The second she finds him curled up unconscious in the car seat, Ms. Goodwin has every reason to think he might as well be dead. She drops her purse right on the spot and jumps to grab the door, frustrated to find it locked.
"Dr. Rhodes," desperately she slaps on the window, almost shouting his name. "Connor!"
Just then he stirs, and she thinks she can never be more relieved in her life than right now.
"Are you okay?" She raises her voice, warily looking him up through the frosted glass.
He blinks open his eyes. They look bleary and his skin is pale, though other than that he doesn't seem to be in any physical distress. She waits for him to come to terms of his surroundings, and ends up delightfully amused at the panic in his eyes that makes him look like a little bear caught at the poacher's gunpoint.

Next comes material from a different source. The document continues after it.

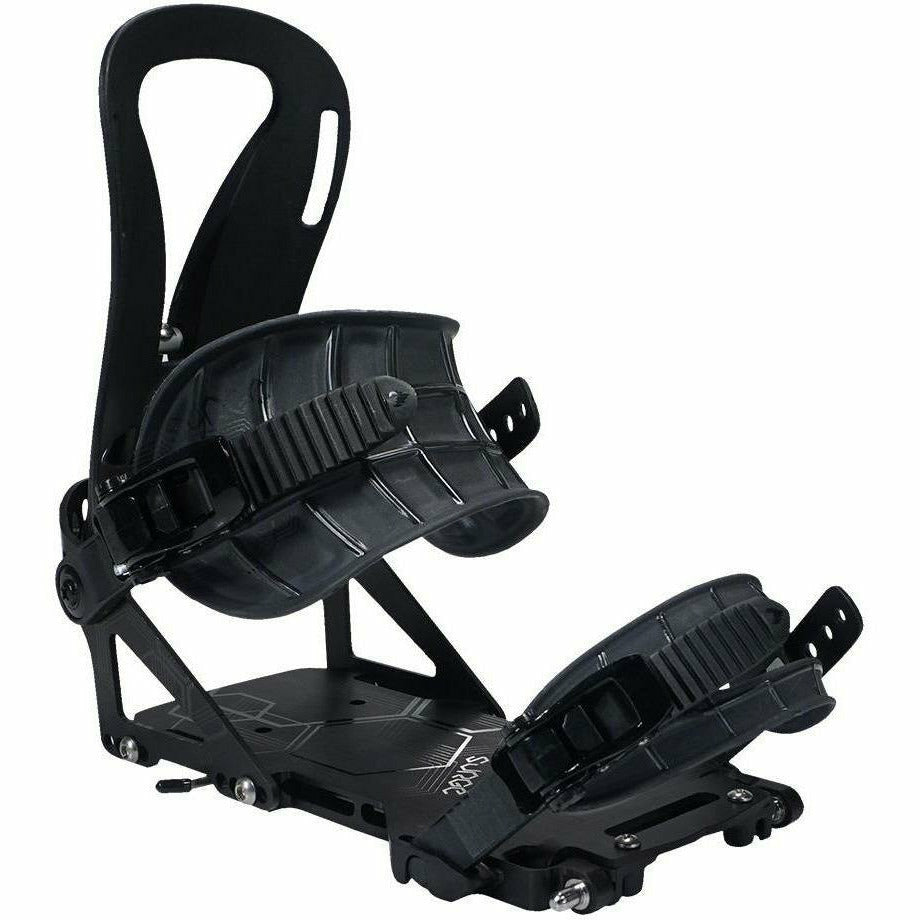 Spark SURGE Black - Mud and Snow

"m-Ms Goodwin," he straightens up in an eyeblink, and screws his eyes shut against what appears to be a headache. He fumbles for the door lock and she notices that he's shivering.
She yanks open the door once he unlocks it and reaches in to place a hand on his forehead, "you're freezing cold! Did you sleep through the night like that?"

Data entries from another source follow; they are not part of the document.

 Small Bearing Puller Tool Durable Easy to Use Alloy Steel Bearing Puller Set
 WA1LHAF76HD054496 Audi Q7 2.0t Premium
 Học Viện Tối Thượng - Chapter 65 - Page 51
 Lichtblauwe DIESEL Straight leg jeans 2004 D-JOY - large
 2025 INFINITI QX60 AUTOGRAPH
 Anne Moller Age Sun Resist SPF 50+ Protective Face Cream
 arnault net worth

He pulls away from her touch, avoiding her gaze, and drags himself out of the car with one hand gripping on the doorframe. The head rush has him thinking he's actually gonna pass out for good.

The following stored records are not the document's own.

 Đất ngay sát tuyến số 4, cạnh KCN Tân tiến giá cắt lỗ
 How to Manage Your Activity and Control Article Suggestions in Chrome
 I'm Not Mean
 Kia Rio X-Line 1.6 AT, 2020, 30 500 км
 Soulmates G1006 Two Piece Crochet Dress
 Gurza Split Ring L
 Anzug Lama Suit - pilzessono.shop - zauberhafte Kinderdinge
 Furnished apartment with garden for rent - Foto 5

"Sorry I'm late for work," he mumbles. Only then does he notice she has a hand on his shoulder steadying him, and it makes him blush with shame and lower his eyes without one more word.
"Don't be. You're not," she reassures him in her usual composed voice. "Why don't you take the day off, Dr. Rhodes. Go home. Get some sleep."
Connor is fully awake by now, though still lightheaded and cold as hell. He entwines his arm for warmth and in defense, returning the stare of the chief to find no trace of reproach in her eyes, just worry. As much as he appreciates her being considerate, the idea of him staring at the wall in his condo being haunted by every messed-up shit that happened yesterday sheerly terrifies him. So he sucks it up the best he can and takes a deep breath, "I'm okay. I'm good to work."
"Are you sure?" She asks sincerely, despite doubt written all over her face.
"Yeah," he has to muster all the strength left in him to pull on an energized look.
"Well at least go take a shower and make yourself warm," she says, patting him dotingly on the arm, twice, before taking her leave.
Little do they know, neither the chief nor the trauma surgeon, that they're being spied on, by a med student, who's sitting in a car a few spaces down the parking lot with a cheesy grin across her face thinking that Ms. Goodwin looks too much like a mother bear to Connor and that it's simply beyond adorable.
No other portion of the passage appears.